Federated learning is an alternative method, in which the training of the ML model is done locally, and the improved model is sent to the central server (rather than the training data itself).
The central server can aggregate the results of multiple users, and feed back an improved model based on everybody’s results. Effectively this means that the IP (the training data) doesn’t get shared - just the results do.
Federated learning could be an answer to the data-sharing issue then, except that it suffers from some flaws around scalability: essentially, if too many people upload too few data samples, the model can become skewed.
Another viable approach to share IP-protected data resides in representation learning.
Representation learning is about bringing order to chaos, by better understanding the characteristics of data in order to work out what something is.
On a basic level, for example, if an algorithm was trying to pick out a triangle from a row of shapes, it could use the number of corners as an indicator.
Representation learning detangles the different layers of a neural network and labels everything up, so it’s easy to understand.
For the VFX industry, the exact opposite could be valuable: tangling up the layers so they are indecipherable.
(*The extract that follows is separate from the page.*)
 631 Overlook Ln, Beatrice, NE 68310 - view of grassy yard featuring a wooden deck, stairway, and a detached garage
This could serve as a form of encryption, making it possible to get a result that a) makes it impossible to reverse engineer the original image from its layer outputs, but b) still contains information useful for the given tasks.
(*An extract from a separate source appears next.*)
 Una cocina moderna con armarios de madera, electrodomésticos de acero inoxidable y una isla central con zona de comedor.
Let’s say a studio wants to help improve an ML model, but is using sensitive, IP-protected imagery of a particular character.
Rather than sending the image directly to their partner software vendor or studio, they run it through the encryption layer stack.
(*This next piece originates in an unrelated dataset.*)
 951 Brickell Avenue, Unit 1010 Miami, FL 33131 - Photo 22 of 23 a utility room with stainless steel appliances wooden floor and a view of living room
The partner studio receives everything they need to improve the ML model, but no comprehensible data that reveals what the original training imagery was.
The importance of artist participation
A further big challenge to overcome lies in building a bridge between the artist and the algorithm.
Film production is naturally collaborative in nature, with thousands of staff working together to complete a show.
In contrast, machine learning is something of a solo pursuit, with an algorithm aiming to solve an entire problem in one go on its own, removing artists from the creative or technical process.
For artists to ever buy-in to machine learning tools, they need to be developed in a way which includes artist input. This isn’t only necessary for placating artists and giving them a sense of control: it’s a requirement if the algorithm is to learn from its mistakes and correct future errors.
This last point has two key challenges: how to design tools that allow for artist interaction, and how to enable ML networks to learn from and act on the feedback of those artists.
Most ML research to date removes the artist from the loop. If user interaction is included at all, it is limited.
As mentioned previously, it’s difficult to update ML algorithms in VFX tools due to the gap between research and deployment environments.
Feed-forward or inference-only ML models can’t easily capture updates natively within post-production software.
Bridging this gap is vital to developing the next generation of truly useful and artist-focused ML-based tools.
SmartROTO
As mentioned previously, one of Foundry’s new R&D projects, SmartROTO, aims to address some of the challenges we’ve looked at in this article.
Its aim is to investigate and design intelligent tools for high-end rotoscoping of live action footage.
The sharing of data sets is also a huge issue as we’ve discussed, so a significant part of the project will be dedicated to examining the sharing of machine learning networks and datasets.
Anybody familiar with the VFX industry will be aware of how time-consuming, manual and largely non-creative rotoscoping is. The tools developed in SmartROTO will use machine learning to create a step change in rotoscoping technology.
These new tools will minimize the interaction required by the rotoscoping artist, while retaining a familiar and intuitive user experience.
Ultimately, the aim is to bring significant savings to the VFX industry, a new plugin for Nuke, and new ways to share training datasets. Watch this space!